Comment letter to FHFA: Enterprise Capital Requirements – AEI – American Enterprise Institute: Freedom, Opportunity, Enterprise17th November 2018
This proposal is important, despite its inapplicability to the GSEs in conservatorship, because it is intended to serve as guide to estimating capital costs in pricing new business activities and because it may serve as a guide to what is appropriate capital for similar post-conservatorship institutions.
Getting this right is of particular importance because the GSEs currently back nearly one half of the institutionally financed single family housing transactions in the US, and the last regulatory effort to establish appropriate capital levels for the GSEs ended in a spectacular failure, notwithstanding spending a decade-long regulatory effort to develop capital standards.

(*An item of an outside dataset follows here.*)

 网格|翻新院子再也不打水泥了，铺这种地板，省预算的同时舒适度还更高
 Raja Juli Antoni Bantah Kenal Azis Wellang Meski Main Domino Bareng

The proposed rule pays insufficient attention to the unique risks attendant to the mortgage guarantee business and the GSEs’ outsized role in this business. Specifically, its binding, risk-based rules would not require enough capital to address another housing crisis of comparable magnitude to the most recent one, and its minimum leverage ratios would not be consistent with requirements for global systemically important banks (G-SIBs) given the de facto status of the GSEs as systematically important financial institutions (SIFIs). The result would be underpricing of risks and exacerbation of house price cycles.
Our recommended changes to the capital requirements, with a focus on single-family whole loans and guarantees, would result in additional risk-based capital of more than 200 basis points relative to FHFA’s proposal and a minimum leverage ratio of 4 percent.